The only control that you have is the A button, which when pressed gives you a boost upwards. Stop boosting and you'll begin dropping towards the floor. Simple enough, but the key is knowing when to tap or push the button and for how long, and that key is where the challenge lies. It can be tricky to keep yourself on the straight and narrow when the cavern is strictly horizontal, but the levels also like to throw twists and drops at you as well. You'll also need to hit switches to open gates as you travel ceaselessly rightward, and if you miss one you'll hit the gate and lose your life.
Making it to the end of a level in a single life is extremely challenging, but the game is kind enough to include checkpoints. If you die, you'll restart at the last checkpoint that you passed through. The checkpoints are spaced far enough apart, though, that it takes skill to cover the space between them and you won't be able to use them as a crutch to brute force your way through the levels. If you think checkpoints are for wimps, though, there is a hardcore mode that gives you only one chance to make it to the end.
When you reach the end of a level you're given a score based on your performance and on how many of the floating pickups that litter the levels that you were able to snag. There's a high degree of replayability to the levels as you strive to top your best scores or push towards perfection.

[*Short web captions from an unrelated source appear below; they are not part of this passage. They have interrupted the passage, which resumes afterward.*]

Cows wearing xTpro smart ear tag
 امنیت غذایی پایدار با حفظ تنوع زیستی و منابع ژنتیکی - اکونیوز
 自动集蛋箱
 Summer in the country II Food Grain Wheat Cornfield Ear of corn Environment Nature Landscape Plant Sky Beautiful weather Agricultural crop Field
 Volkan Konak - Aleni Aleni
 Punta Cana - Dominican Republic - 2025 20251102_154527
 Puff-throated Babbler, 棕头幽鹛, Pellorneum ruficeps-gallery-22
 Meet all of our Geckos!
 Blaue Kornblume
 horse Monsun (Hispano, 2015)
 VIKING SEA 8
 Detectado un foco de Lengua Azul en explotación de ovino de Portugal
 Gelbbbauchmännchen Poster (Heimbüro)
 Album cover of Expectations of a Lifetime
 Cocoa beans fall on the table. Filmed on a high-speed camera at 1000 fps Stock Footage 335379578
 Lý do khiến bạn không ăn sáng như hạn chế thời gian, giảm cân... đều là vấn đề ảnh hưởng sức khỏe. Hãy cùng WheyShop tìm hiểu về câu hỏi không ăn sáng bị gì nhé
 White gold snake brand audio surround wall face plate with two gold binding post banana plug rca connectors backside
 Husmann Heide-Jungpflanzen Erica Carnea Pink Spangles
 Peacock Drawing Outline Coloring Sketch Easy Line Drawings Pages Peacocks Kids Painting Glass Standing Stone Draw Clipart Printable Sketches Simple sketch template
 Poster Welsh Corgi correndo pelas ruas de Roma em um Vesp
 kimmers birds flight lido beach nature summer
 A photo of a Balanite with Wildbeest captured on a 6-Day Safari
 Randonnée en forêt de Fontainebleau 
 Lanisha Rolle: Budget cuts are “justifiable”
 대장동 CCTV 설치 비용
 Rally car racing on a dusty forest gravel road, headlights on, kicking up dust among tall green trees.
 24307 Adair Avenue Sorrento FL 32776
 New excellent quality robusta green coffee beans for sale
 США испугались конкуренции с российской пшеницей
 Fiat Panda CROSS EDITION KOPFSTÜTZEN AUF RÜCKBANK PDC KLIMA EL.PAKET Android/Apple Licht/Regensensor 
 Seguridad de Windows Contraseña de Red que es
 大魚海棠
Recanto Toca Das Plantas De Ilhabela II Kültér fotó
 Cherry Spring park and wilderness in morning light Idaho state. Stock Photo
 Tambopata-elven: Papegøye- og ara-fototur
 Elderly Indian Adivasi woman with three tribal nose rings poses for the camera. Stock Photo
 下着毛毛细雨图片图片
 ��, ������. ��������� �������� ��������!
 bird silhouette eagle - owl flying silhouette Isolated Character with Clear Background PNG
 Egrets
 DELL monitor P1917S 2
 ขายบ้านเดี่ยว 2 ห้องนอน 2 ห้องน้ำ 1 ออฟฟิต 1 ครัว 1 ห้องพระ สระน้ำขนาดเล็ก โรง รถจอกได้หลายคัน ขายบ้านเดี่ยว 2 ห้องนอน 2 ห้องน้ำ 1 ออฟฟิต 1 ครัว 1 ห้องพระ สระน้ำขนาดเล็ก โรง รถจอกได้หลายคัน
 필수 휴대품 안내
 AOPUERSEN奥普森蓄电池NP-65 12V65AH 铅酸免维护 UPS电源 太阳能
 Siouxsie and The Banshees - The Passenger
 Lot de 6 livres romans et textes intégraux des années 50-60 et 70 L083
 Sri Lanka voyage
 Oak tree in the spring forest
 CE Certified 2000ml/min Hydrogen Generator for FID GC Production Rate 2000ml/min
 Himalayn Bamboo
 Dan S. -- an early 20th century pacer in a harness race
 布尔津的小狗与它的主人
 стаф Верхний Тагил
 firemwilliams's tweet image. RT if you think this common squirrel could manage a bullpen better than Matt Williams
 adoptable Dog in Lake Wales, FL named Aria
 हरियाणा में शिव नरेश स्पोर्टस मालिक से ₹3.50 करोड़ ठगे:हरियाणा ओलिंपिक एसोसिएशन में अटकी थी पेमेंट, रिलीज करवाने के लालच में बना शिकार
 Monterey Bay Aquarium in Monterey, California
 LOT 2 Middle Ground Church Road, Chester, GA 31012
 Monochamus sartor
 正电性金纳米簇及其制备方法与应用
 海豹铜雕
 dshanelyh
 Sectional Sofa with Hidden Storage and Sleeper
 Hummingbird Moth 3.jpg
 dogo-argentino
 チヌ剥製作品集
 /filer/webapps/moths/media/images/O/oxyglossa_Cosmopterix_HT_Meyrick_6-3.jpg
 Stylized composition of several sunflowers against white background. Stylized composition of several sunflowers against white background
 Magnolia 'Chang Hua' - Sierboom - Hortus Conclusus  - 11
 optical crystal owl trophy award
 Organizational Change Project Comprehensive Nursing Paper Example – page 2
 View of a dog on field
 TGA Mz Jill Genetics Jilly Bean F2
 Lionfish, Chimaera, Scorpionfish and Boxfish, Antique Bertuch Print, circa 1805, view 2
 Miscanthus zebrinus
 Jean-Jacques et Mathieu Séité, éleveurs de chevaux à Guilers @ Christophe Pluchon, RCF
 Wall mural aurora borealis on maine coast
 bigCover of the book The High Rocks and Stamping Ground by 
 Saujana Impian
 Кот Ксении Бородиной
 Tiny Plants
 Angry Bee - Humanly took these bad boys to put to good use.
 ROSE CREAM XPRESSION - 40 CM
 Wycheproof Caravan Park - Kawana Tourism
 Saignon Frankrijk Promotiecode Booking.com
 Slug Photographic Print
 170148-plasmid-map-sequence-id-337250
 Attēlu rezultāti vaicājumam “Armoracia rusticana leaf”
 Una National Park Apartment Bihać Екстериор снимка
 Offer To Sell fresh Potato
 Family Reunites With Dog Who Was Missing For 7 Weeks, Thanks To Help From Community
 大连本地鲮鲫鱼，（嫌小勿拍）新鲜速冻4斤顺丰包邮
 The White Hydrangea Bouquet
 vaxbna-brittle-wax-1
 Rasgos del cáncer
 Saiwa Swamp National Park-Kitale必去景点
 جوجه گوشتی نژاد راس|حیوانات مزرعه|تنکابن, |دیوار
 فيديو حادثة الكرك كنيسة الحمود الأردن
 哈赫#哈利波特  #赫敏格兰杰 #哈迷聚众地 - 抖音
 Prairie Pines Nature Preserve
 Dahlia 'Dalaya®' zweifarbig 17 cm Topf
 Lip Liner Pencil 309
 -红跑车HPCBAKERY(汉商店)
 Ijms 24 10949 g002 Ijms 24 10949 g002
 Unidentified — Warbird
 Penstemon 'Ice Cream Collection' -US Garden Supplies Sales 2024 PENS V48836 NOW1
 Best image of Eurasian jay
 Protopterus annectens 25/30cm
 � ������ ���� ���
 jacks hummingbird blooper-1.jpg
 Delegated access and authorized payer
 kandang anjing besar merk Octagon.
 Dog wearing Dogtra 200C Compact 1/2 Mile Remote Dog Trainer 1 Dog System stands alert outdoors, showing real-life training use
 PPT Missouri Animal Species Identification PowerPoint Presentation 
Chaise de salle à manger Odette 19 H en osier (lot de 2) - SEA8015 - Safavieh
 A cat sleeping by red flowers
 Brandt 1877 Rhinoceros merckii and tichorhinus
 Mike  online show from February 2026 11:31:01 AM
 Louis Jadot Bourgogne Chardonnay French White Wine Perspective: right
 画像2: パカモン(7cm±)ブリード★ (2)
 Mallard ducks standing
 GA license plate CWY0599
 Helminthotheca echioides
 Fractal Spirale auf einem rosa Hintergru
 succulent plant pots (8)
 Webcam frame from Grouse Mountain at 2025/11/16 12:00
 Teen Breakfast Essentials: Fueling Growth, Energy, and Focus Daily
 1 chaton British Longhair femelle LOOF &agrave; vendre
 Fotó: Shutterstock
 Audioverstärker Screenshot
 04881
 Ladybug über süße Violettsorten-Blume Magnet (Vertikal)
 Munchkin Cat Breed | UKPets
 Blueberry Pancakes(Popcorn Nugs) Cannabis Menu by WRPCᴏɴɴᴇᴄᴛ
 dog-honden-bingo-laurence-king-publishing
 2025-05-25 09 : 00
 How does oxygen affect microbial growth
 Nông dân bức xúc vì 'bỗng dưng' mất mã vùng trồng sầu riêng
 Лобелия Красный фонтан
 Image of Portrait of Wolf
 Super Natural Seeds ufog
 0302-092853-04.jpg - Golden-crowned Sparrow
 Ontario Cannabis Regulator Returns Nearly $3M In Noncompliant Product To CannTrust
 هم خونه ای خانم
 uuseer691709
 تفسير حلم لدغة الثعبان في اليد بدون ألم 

Odium to the Core is certainly tough, but in a good way. The game never feels unfair and each death feels deserved. The game's presentation adds to the fun, with graphic novel style cel-shading using colors that really pop combined with an original D&B soundtrack with tracks crafted to fit each level. If you're easily frustrated, then you should avoid this game completely - I unlocked the achievement for 100 deaths faster than I'd care to admit. If you enjoy putting your skills to the test in simple but challenging arcade games, then you're going to love Odium to the Core.
Final Rating: 80% - Odium to the Core is simple to learn, but very, very difficult to master.